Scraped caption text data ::
--*--

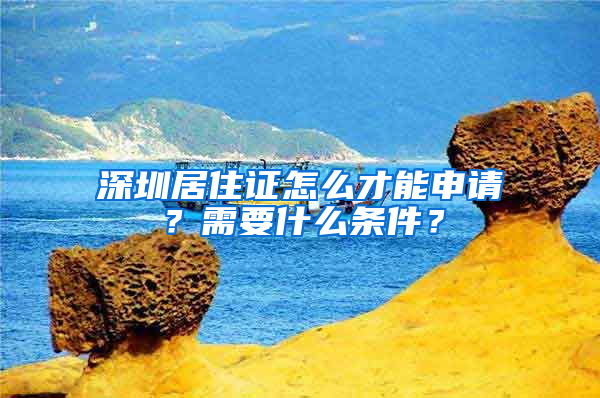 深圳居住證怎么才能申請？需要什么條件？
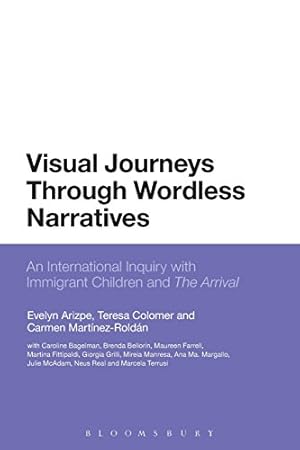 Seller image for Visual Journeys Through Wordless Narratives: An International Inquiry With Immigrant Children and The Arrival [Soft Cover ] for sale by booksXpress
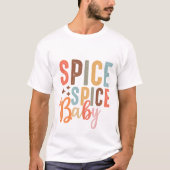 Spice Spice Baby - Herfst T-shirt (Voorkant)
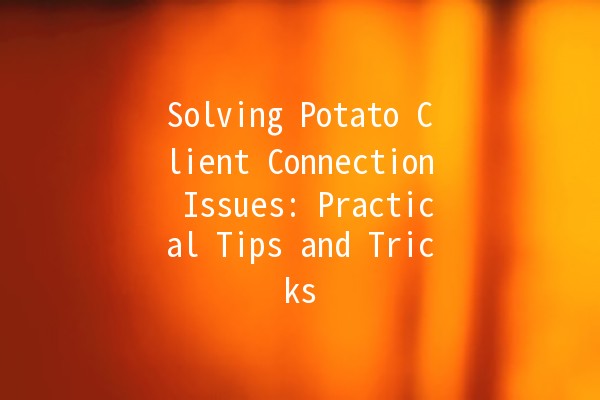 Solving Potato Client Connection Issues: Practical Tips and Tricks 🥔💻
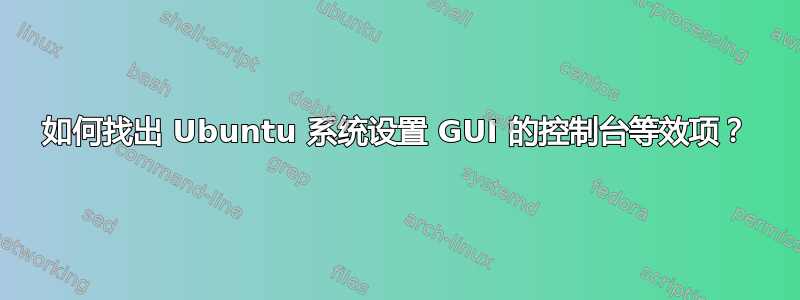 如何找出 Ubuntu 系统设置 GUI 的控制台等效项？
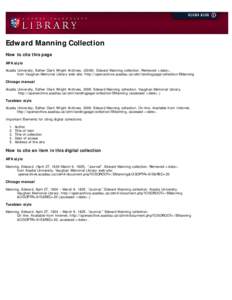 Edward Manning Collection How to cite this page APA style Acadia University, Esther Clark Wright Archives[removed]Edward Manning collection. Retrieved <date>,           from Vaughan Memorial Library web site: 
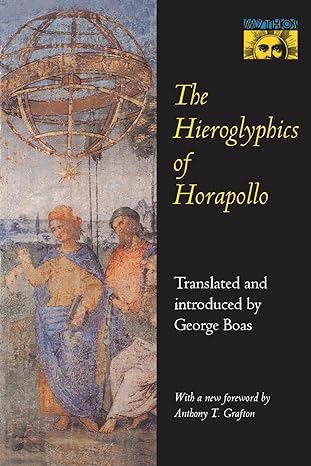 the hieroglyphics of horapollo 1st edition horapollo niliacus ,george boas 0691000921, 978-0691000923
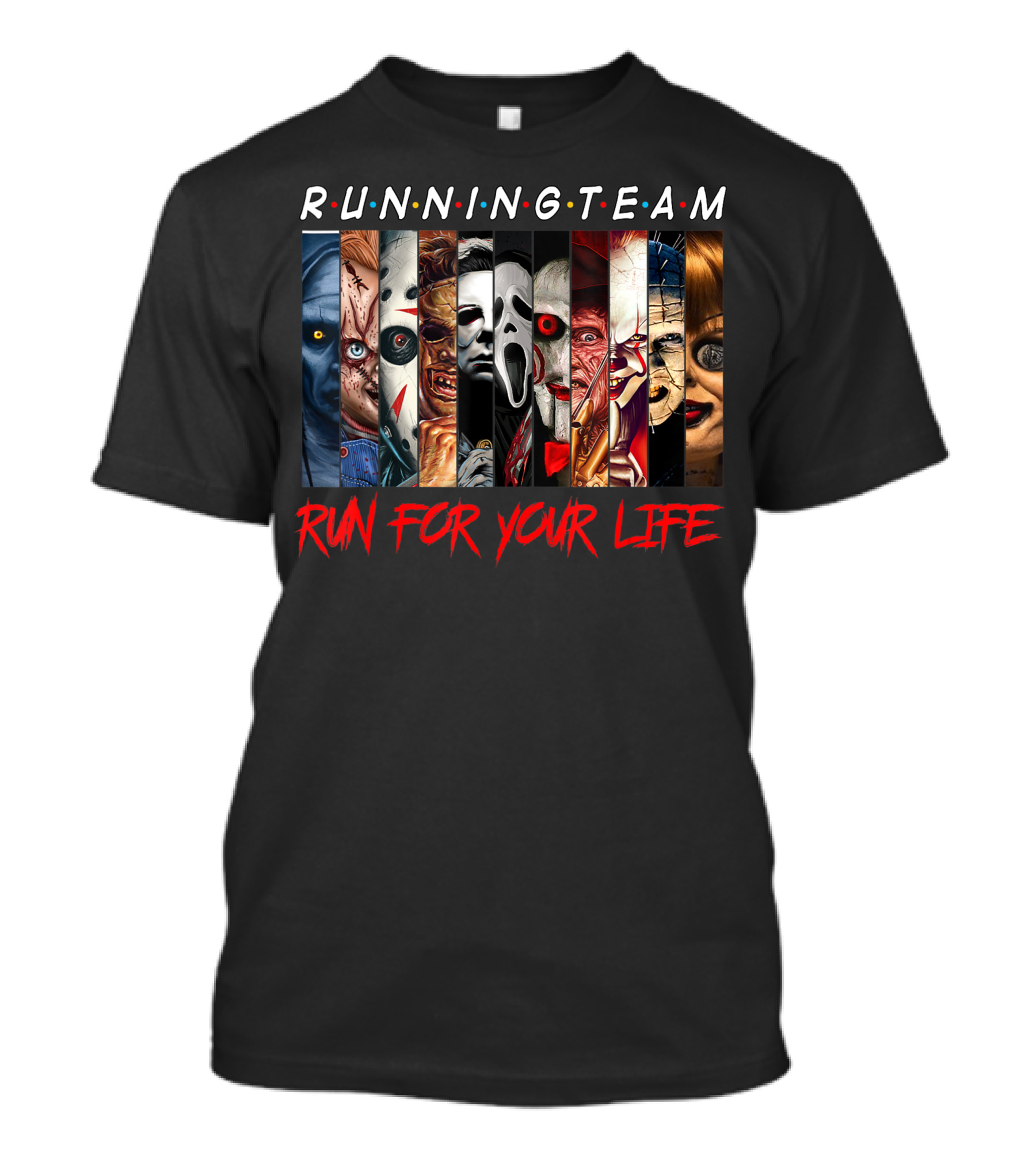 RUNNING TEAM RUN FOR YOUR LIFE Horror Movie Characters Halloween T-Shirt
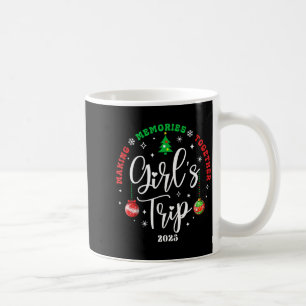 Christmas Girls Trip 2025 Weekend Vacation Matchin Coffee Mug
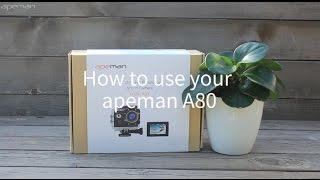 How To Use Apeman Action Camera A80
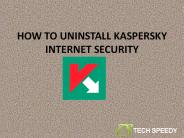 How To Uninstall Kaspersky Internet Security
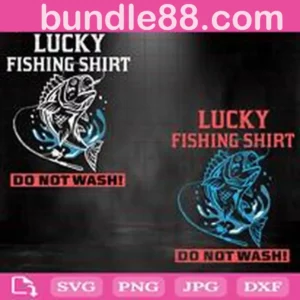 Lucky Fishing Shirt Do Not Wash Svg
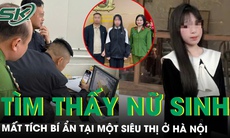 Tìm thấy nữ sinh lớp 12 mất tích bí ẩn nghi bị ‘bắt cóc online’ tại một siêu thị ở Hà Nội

--*--

YOUR INSTRUCTIONS ::
Print once more, exactly, the lines from the one with "How To Uninstall Kaspersky Internet Security" through the last line of the data, both ends included, without any pictures.

EXERCISE ANSWER ::
 How To Uninstall Kaspersky Internet Security
 Lucky Fishing Shirt Do Not Wash Svg
 Tìm thấy nữ sinh lớp 12 mất tích bí ẩn nghi bị ‘bắt cóc online’ tại một siêu thị ở Hà Nội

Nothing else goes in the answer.